───── Given records ─────
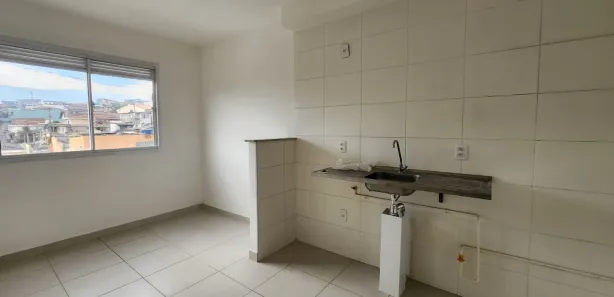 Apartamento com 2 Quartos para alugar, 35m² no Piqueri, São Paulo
─────
───── Given records ─────
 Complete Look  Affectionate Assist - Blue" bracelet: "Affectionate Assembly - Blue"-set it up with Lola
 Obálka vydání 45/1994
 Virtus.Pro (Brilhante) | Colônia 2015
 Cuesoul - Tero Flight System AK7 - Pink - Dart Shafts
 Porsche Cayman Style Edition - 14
─────
Return, unchanged, the run of lines above that opens with the line containing "up with Lola" and closes with the line containing "Porsche Cayman Style Edition - 14". Include both.

 Complete Look  Affectionate Assist - Blue" bracelet: "Affectionate Assembly - Blue"-set it up with Lola
 Obálka vydání 45/1994
 Virtus.Pro (Brilhante) | Colônia 2015
 Cuesoul - Tero Flight System AK7 - Pink - Dart Shafts
 Porsche Cayman Style Edition - 14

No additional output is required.